Chesterfields not too far from me.

Hes a lovely boy though.


----------



## Vikkineal (Jan 4, 2013)

we love bsh's said:


> Hes lovely wheres he from?


I've just looked at your website and your cats are gorgeous!


----------



## Vikkineal (Jan 4, 2013)

we love bsh's said:


> He is gorgeous looking lad real shame hes not registered though as it doesnt cost much to register them it could mean she is breeding from cats that were never meant to breed for one reason or another.
> 
> Chesterfields not too far from me.
> 
> Hes a lovely boy though.


She only had the one girl who lived with her at home. I guess 'breeder' isn't the right term as she didn't have multiple litters - just this set. She was planning on keeping Ziggy (then known as Muffin) but his mum didn't like him being around.


----------



## we love bsh's (Mar 28, 2011)

s is my cream point as a kitten .


----------



## we love bsh's (Mar 28, 2011)

Vikkineal said:


> I've just looked at your website and your cats are gorgeous!

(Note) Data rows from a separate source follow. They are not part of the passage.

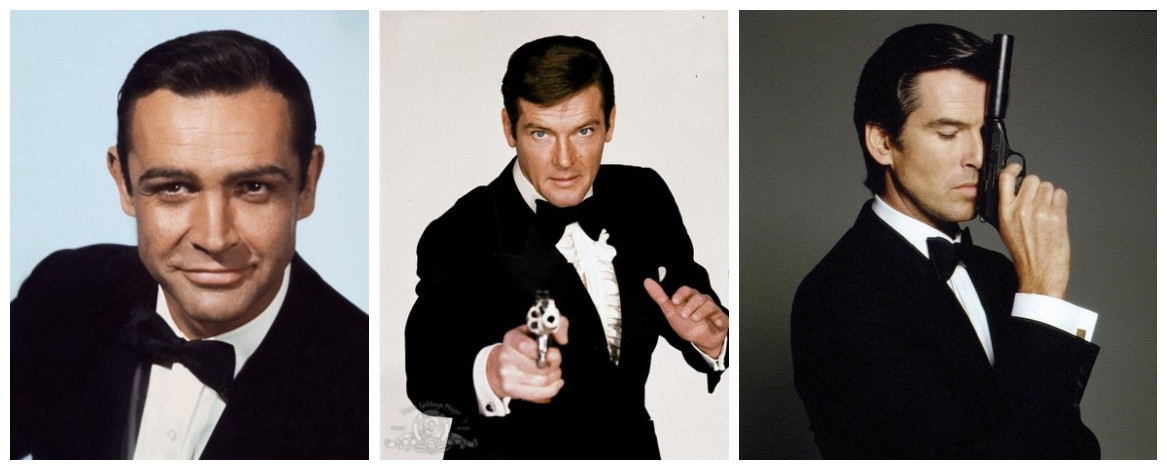 从左到右为:第一任007肖恩·康纳利,第三任007罗杰·摩尔,第五任007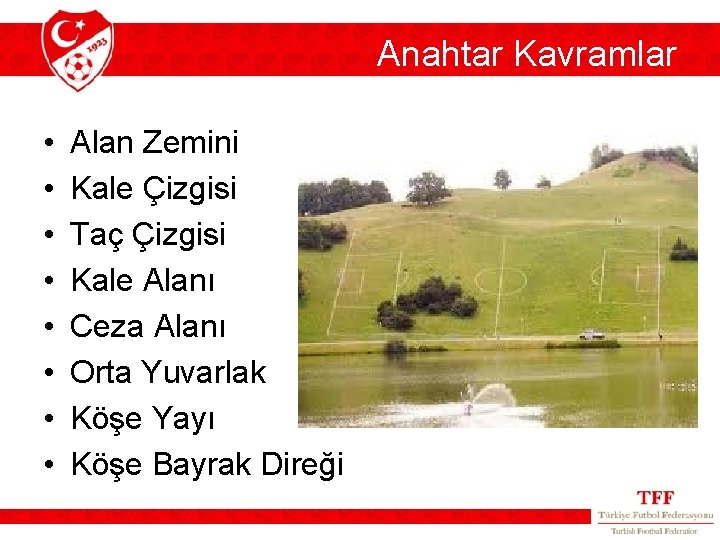 Anahtar Kavramlar • • Alan Zemini Kale Çizgisi Taç Çizgisi Kale Alanı Ceza Alanı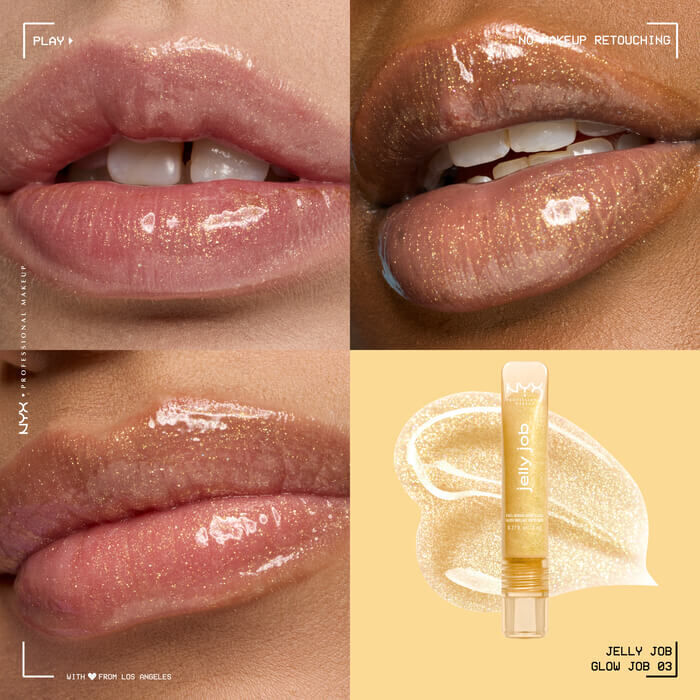 Quadrant showing Jelly Job lip macros on three models of fair, deep, medium skin tones and the product solider with swatch behind the hex code color in shade 03 Glow Job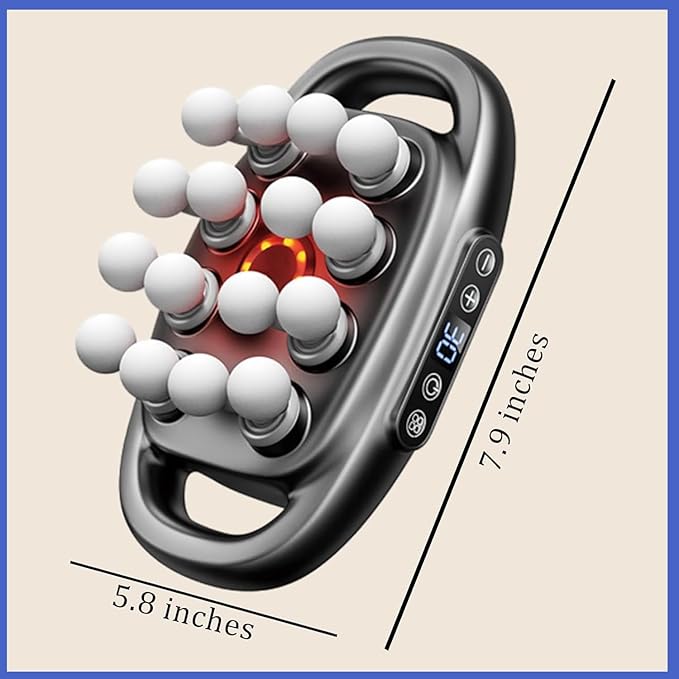 Neck Massager16 Head Massage Gun deep Tissue16-Drive 8-Head Massage Gun SetRed Light Muscle Tool for Back Shoulders Legs Foot Body Ideal Gifts for Women Men Mom and Dad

Arrh thankyou,last year i was letting resistered kittens go for £250 i bet you paid more than that for little ziggy.


----------



## Vikkineal (Jan 4, 2013)

we love bsh's said:


> Arrh thankyou,last year i was letting resistered kittens go for £250 i bet you paid more than that for little ziggy.


No, he was only £150.

We came across him on Pets 4 Homes - initially we were going to get a rescue cat but my partner is (was) allergic so we needed a shorthaired one - and my partner wanted a white one and I quite fancied a little ginger one - a bit to specific for a rescue cat I guess, which is why we ended up looking online.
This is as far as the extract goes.